D-Pinitol first entered the market in 1998, marketed by Humanetics Corporation. It’s chemical name is 3-O-methyl- D-chiro-inositol which means that it is a methyl ether of DCI and it is estimated that about 1/3 of orally administered d-pinitol is converted within the body into DCI. Studies on the effects of pinitol on blood sugar metabolism have had quite mixed results. Study numbers are generally quite small, usually between 5 & 25 subjects so that may explain some of the variability in results. One study by Davis et al published in Diabetes Care in 2000 showed that supplementation with d-pinitol at a rate of 20mg/kg bodyweight increases the blood concentration of both d-pinitol (48 x) and d-chiro inositol (14 x) after a period of 4 weeks. Unfortunately, however, this did not appear to affect any of the baseline parameters for measuring glucose metabolism.
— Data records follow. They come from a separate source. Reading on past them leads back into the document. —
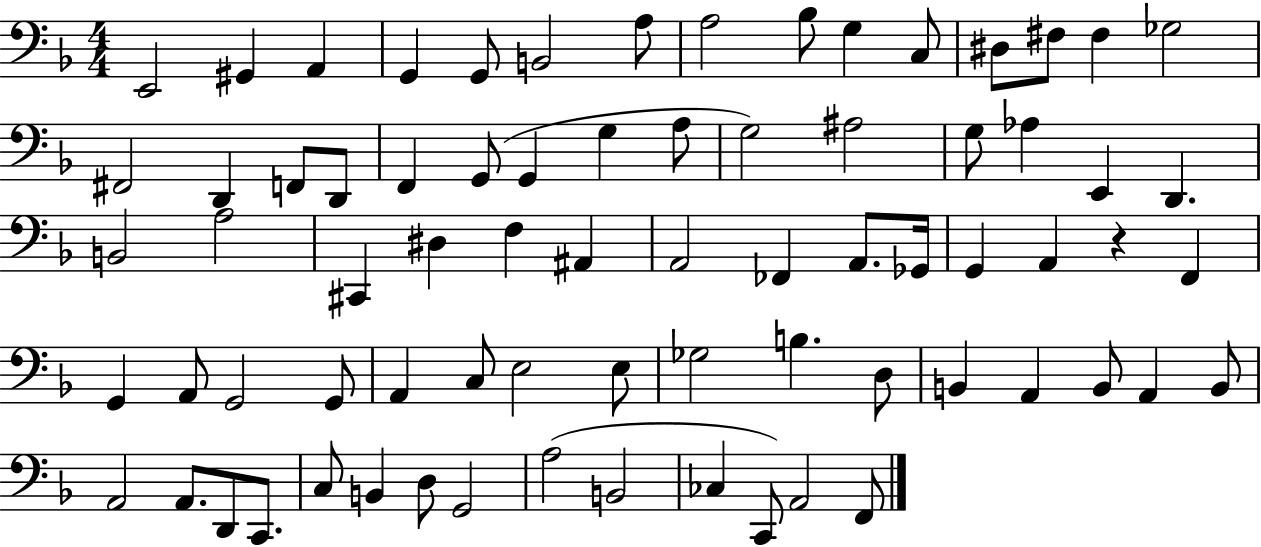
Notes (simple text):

E2/h G#2/q A2/q G2/q G2/e B2/h A3/e A3/h Bb3/e G3/q C3/e D#3/e F#3/e F#3/q Gb3/h F#2/h D2/q F2/e D2/e F2/q G2/e G2/q G3/q A3/e G3/h A#3/h G3/e Ab3/q E2/q D2/q. B2/h A3/h C#2/q D#3/q F3/q A#2/q A2/h FES2/q A2/e. Gb2/s G2/q A2/q R/q F2/q G2/q A2/e G2/h G2/e A2/q C3/e E3/h E3/e Gb3/h B3/q. D3/e B2/q A2/q B2/e A2/q B2/e A2/h A2/e. D2/e C2/e. C3/e B2/q D3/e G2/h A3/h B2/h CES3/q C2/e A2/h F2/e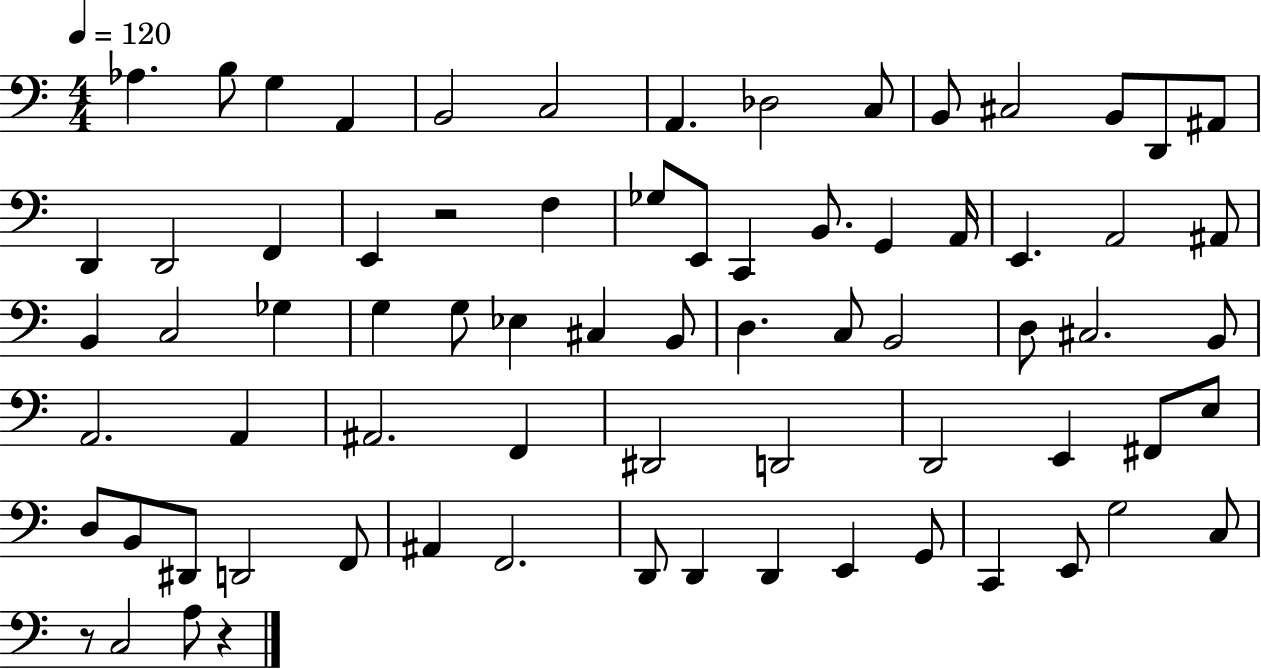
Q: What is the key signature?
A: C major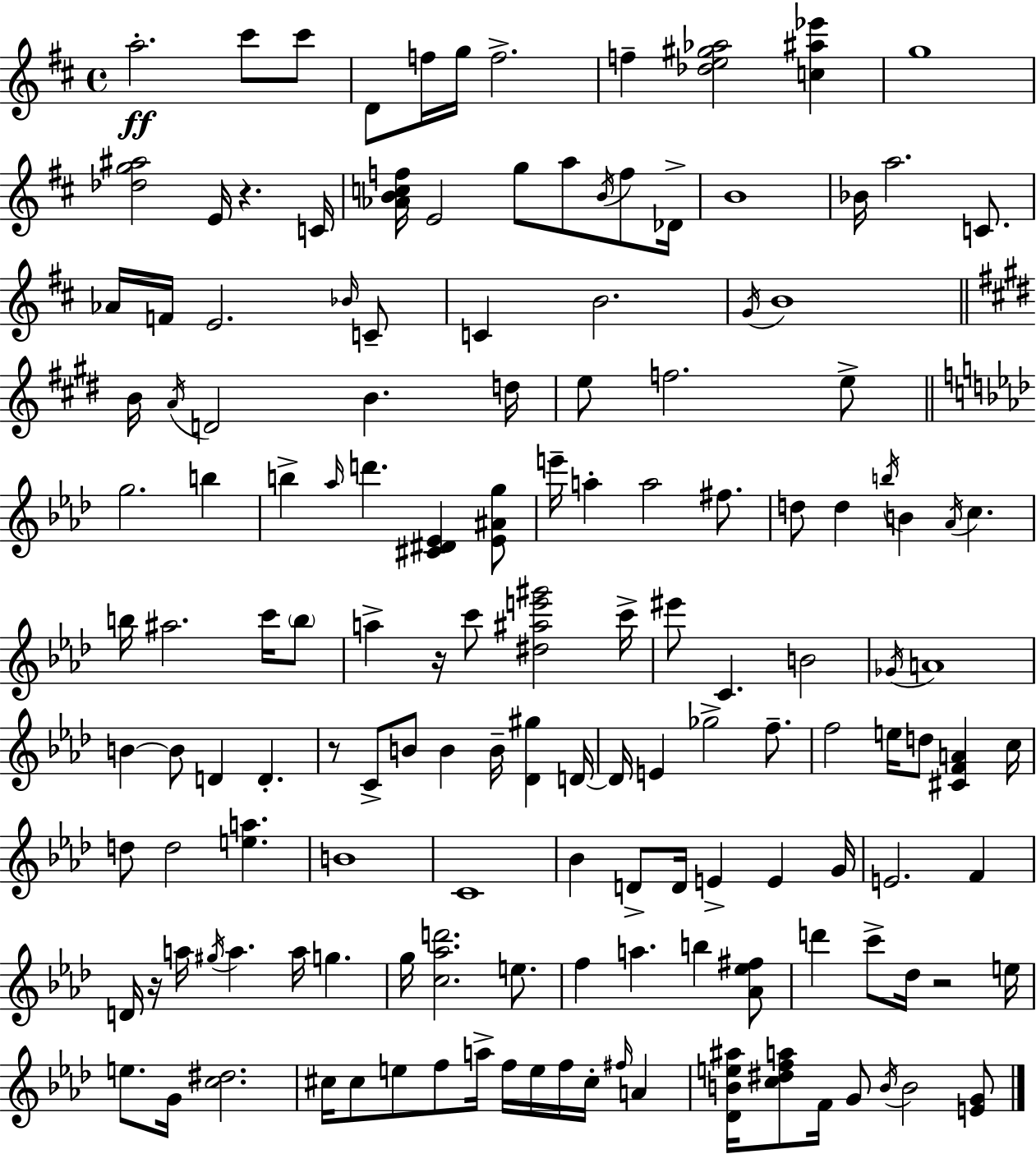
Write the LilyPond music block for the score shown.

{
  \clef treble
  \time 4/4
  \defaultTimeSignature
  \key d \major
  \repeat volta 2 { a''2.-.\ff cis'''8 cis'''8 | d'8 f''16 g''16 f''2.-> | f''4-- <des'' e'' gis'' aes''>2 <c'' ais'' ees'''>4 | g''1 | \break <des'' g'' ais''>2 e'16 r4. c'16 | <aes' b' c'' f''>16 e'2 g''8 a''8 \acciaccatura { b'16 } f''8 | des'16-> b'1 | bes'16 a''2. c'8. | \break aes'16 f'16 e'2. \grace { bes'16 } | c'8-- c'4 b'2. | \acciaccatura { g'16 } b'1 | \bar "||" \break \key e \major b'16 \acciaccatura { a'16 } d'2 b'4. | d''16 e''8 f''2. e''8-> | \bar "||" \break \key aes \major g''2. b''4 | b''4-> \grace { aes''16 } d'''4. <cis' dis' ees'>4 <ees' ais' g''>8 | e'''16-- a''4-. a''2 fis''8. | d''8 d''4 \acciaccatura { b''16 } b'4 \acciaccatura { aes'16 } c''4. | \break b''16 ais''2. | c'''16 \parenthesize b''8 a''4-> r16 c'''8 <dis'' ais'' e''' gis'''>2 | c'''16-> eis'''8 c'4. b'2 | \acciaccatura { ges'16 } a'1 | \break b'4~~ b'8 d'4 d'4.-. | r8 c'8-> b'8 b'4 b'16-- <des' gis''>4 | d'16~~ d'16 e'4 ges''2-> | f''8.-- f''2 e''16 d''8 <cis' f' a'>4 | \break c''16 d''8 d''2 <e'' a''>4. | b'1 | c'1 | bes'4 d'8-> d'16 e'4-> e'4 | \break g'16 e'2. | f'4 d'16 r16 a''16 \acciaccatura { gis''16 } a''4. a''16 g''4. | g''16 <c'' aes'' d'''>2. | e''8. f''4 a''4. b''4 | \break <aes' ees'' fis''>8 d'''4 c'''8-> des''16 r2 | e''16 e''8. g'16 <c'' dis''>2. | cis''16 cis''8 e''8 f''8 a''16-> f''16 e''16 f''16 | cis''16-. \grace { fis''16 } a'4 <des' b' e'' ais''>16 <c'' dis'' f'' a''>8 f'16 g'8 \acciaccatura { b'16 } b'2 | \break <e' g'>8 } \bar "|."
}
Another more recent study by researchers at the Hong-Ik Hospital in Seoul found that the same level of supplementation, but over a period of 12 weeks did have a significant effect on reducing fasting glucose levels, blood glucose levels after meals and the longer term measure of blood glucose levels gylcosylated haemoglobin which basically provides an average of the blood sugar level for the past three months. Another Korean research group has found that pinitol supplementation is most effective at lowering blood sugar levels after meals when it is taken an hour before a carbohydrate rich meal, but that it had no appreciable effect on insulin levels measured after the meal. This may mean that it enhances the insulin sensitivity of cells by participating in the insulin signalling pathway rather than merely increasing the production of insulin in response to a carbohydrate load. This would be especially beneficial for women with PCOS who are likely to already have elevated levels of insulin.